CMR was performed on a 1.5 T (n=12, Achieva 1.5T, Philips Healthcare, Best, The Netherlands) and 3.0T (n=3, Achieva DS 3.0T, Philips Healthcare, Best, The Netherlands) scanner using dedicated phased array coil for radiofrequency reception. Sequences were gated to the heart cycle via a four lead vector cardiogram. The protocol included a morphologic study based on balanced turbo field echo sequences for documentation of standard cine long and short axis views (FOV 380 mm, flip angle 60°, TE 2.6 – 3.0 ms, TR 130-158 ms). A T2-weighted multi echo gradient echo sequence was used for imaging myocardial edema in both long and short axis (FOV 370 ms, NSA 2, TE 90 ms, TR 2000 -3600 ms, TR (beats) 3). Late enhancement imaging was performed 9 to 12 min after antecubital intravenous administration of 0.15 mmol/kg of a gadolinium based contrast agent (Gadobutrol, Bayer HealthCare, Leverkusen, Germany). An inversion recovery T1 turbo field echo sequence was used, and the inversion time was adjusted to completely null the myocardial signal.

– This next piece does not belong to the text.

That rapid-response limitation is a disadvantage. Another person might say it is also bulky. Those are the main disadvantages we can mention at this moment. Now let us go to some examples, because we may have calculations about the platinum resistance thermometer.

Image analysis was performed using the Extended Workspace software (EWS, Philips Healthcare, Best, The Netherlands). In analogy to PET, all LGE and T2-weighted scans were segmentally analyzed with regards to scar and edema distribution within the myocardium according to the 17-segment model. Concordant signal enhancement in both LGE and T2-weighted sequences was considered as CMR positive for active cardiac involvement. LGE positivity in parallel with T2 negativity was rated as consistent with fibrotic changes.
Most data presented in here are descriptive. Quantitative data are presented as median, range, and mean ± SD.
CONFLICTS OF INTEREST
All authors declare no conflicts of interest.